# Difficult Percentages Solved QuestionAptitude Discussion

 Q. A shopkeeper gives a discount of $12%$, whereas a customer makes cash payment. Let '$p$' denotes the percentage, above the cost price, that the shopkeeper must mark up the price of the articles ['$p$' is an integer] in order to make a profit of $x% (x < 100)$. Which of the following is the possible value(s) of $x$?
 ✖ A. 54 ✖ B. 76 ✔ C. 96 ✖ D. 32

Solution:
Option(C) is correct

Let the cost price of one article is Rs $r$ then:

Marked price of the article

$=r\left(1+\dfrac{p}{100}\right)$

Selling price

$=r\left(1+\dfrac{p}{100}\right)\left(1-\dfrac{12}{100}\right)$

Profit percentage $= x\%$

$=r\left(1+\dfrac{p}{100}\right)\left(1-\dfrac{12}{100}\right)=r\left(1+\dfrac{x}{100}\right)$

$\Rightarrow x = \dfrac{25(12+x)}{22}$

As, $p$ is an integer, $x$ must be multiple of 22.

All the possible values $x$, less than 100 are $k=10,32,54,76,98$

Except option 'C' all the options are possible.

## (4) Comment(s)

Gideon
()

The question has a lot of faws. First it should be 12%, P% and X%. And the question must be which of the following cannot be the value of 'X'.

And for the the solution.

Take all the values that are given in the options. (54,76,96 and 32)

Say when X = 54%

Suppose cost price = ₹100

Then profit would be ₹54. And the selling price ₹154

The selling price is basically 12% less than the marked price. That is the selling price is 88% of the marked price.

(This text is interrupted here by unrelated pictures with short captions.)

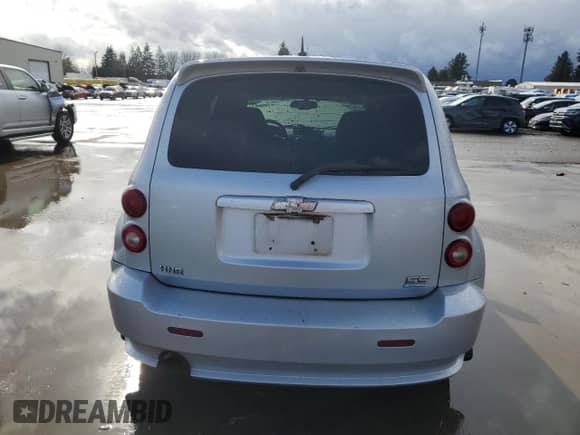 2009 Chevrolet HHR SS with VIN 3GNCA63X79S618810, listed as a Copart auction lot 46446815 with 148,986 mi miles and Salvage title. Bid and sale history available at DreamBid. Image 6.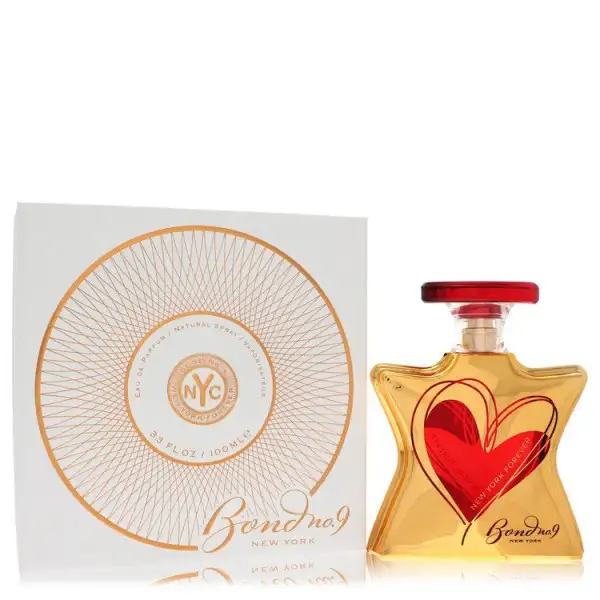New York Forever Eau De Parfum Spray Homme, Femme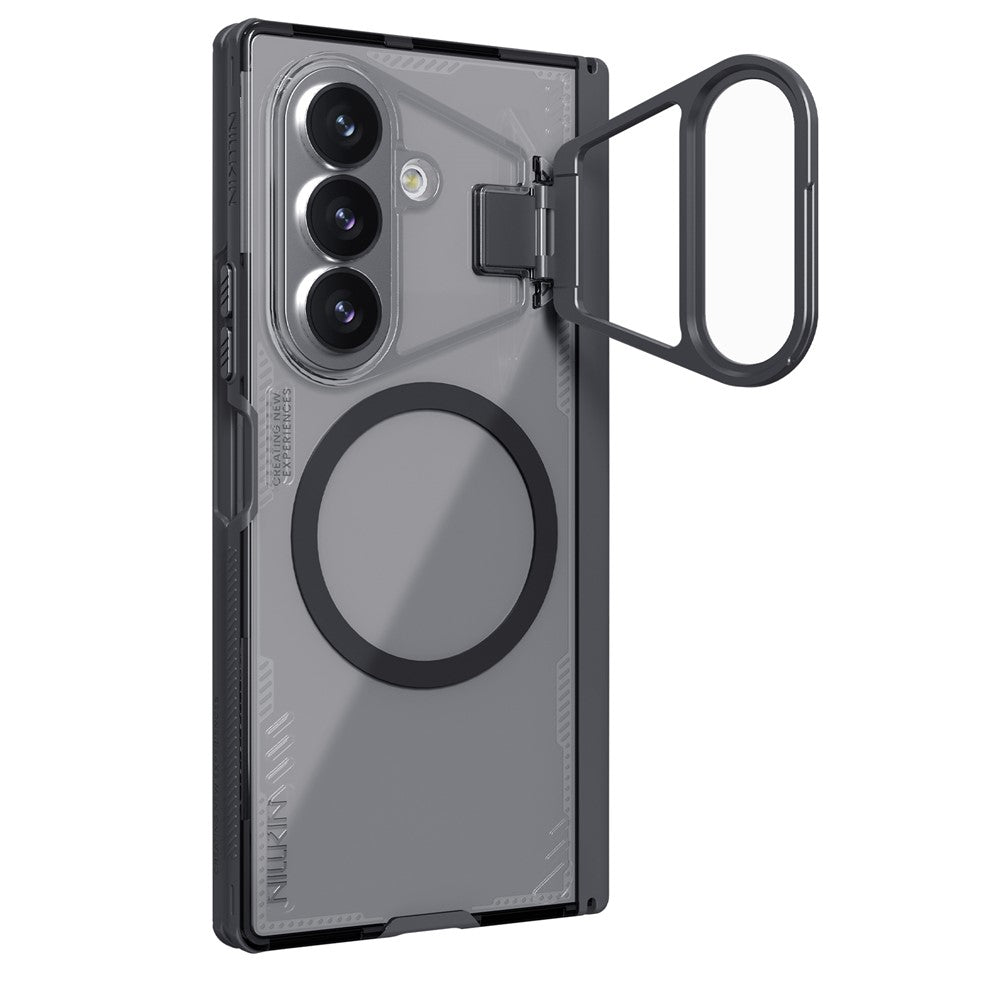MagSafe-etui til Samsung Galaxy Z Fold8 Ultra F976, Nillkin, Iceblade Prop med kameraklip, sort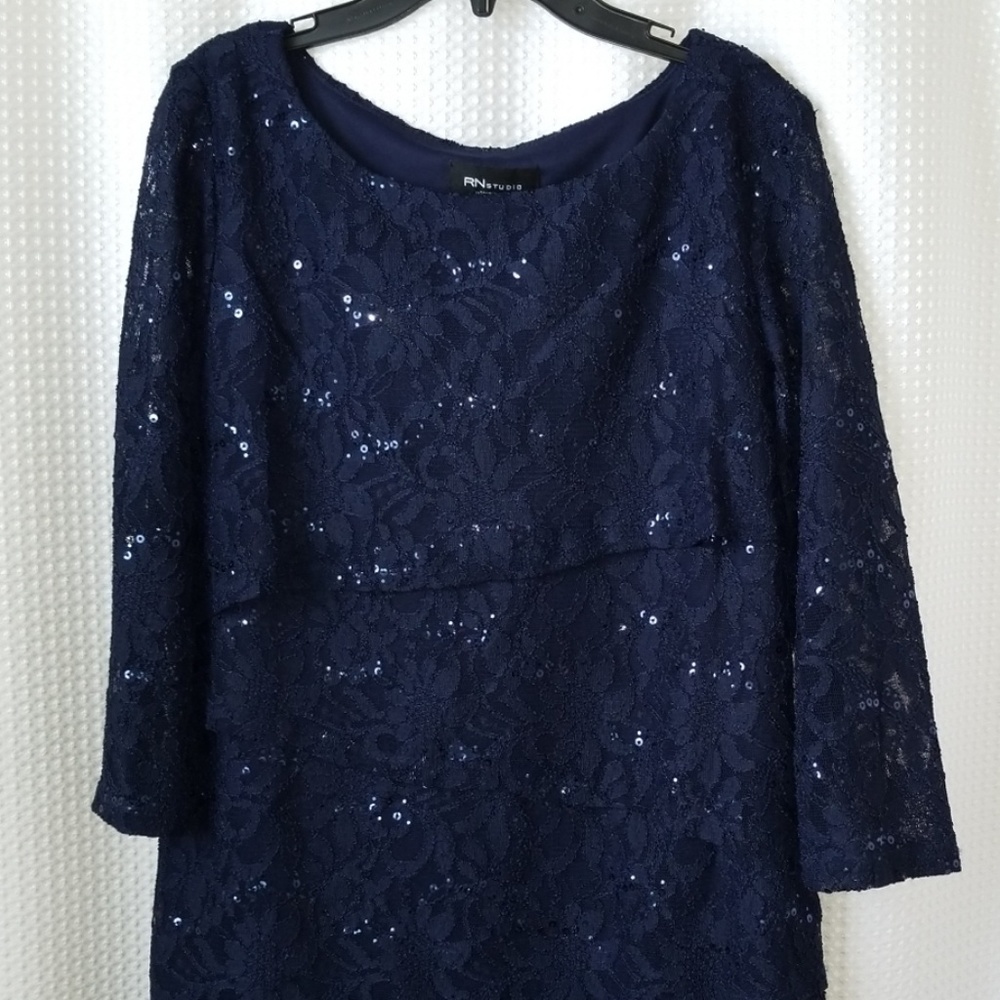 Lace Dress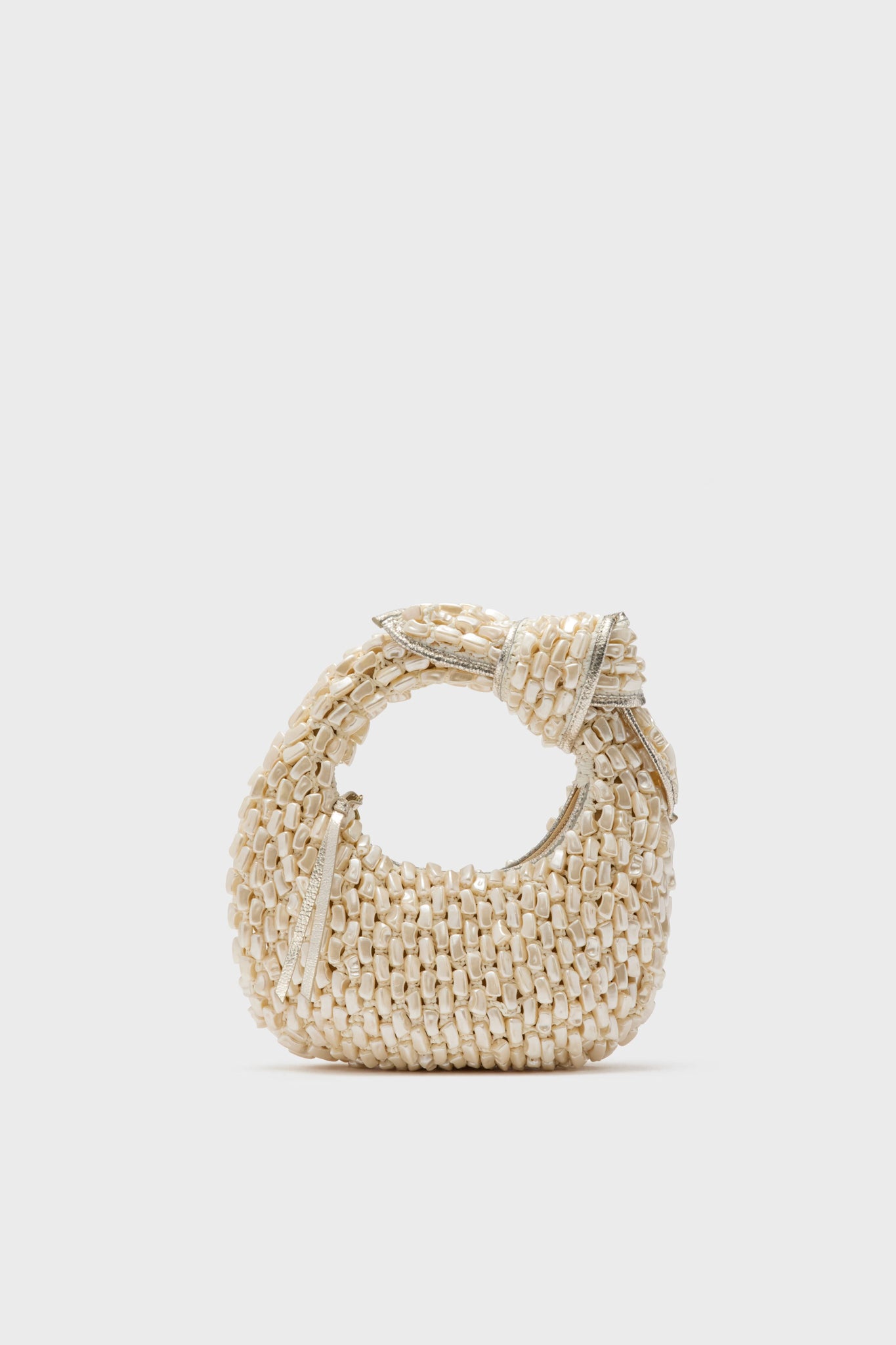 All Pearl Josie Knot Bag | Poolside
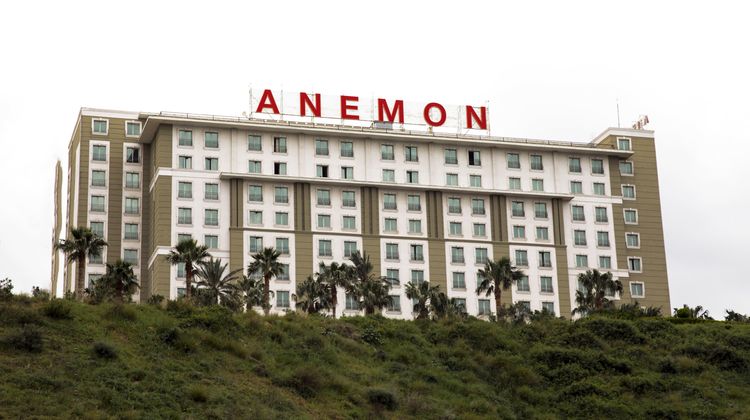 Anemon Iskenderun Exterior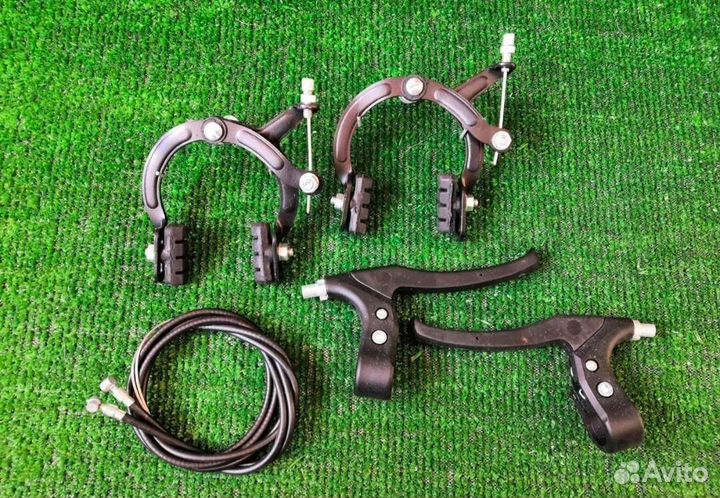 Тормоза для велосипеда комплект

Thus, 154*100/88 (to find the marked price)

Marked price is ₹175.

According to the question 'P is the percentage above the cost price and must be an integer'. For this case it is P = 75%. (75 is an integer)

It satisfies the given requirement. Hence 54 can be one of the solutions.

Similarly solve for other options as well.

Only X = 96 would give a non integer value for P.

Gideon
()

Another imp. Fact...this is true for any value other than 100 as well...so it can be verified by using other numbers as well..i tried with 90 and 80... Just keep in mind that it is.. X% and P%.

Areeba
()

I am also confused about this question. The forum needs to review this solution once and should give proper explanation of the steps specified in the solution.

Nishant
()

Can someone please explain how?

$r\left(1+\dfrac{p}{100}\right)\left(1-\dfrac{12}{100}\right)=r\left(1+\dfrac{x}{100}\right)$

becomes $p=\dfrac{25(12+x)}{22}$

I am getting $p=\dfrac{x+8700}{88}$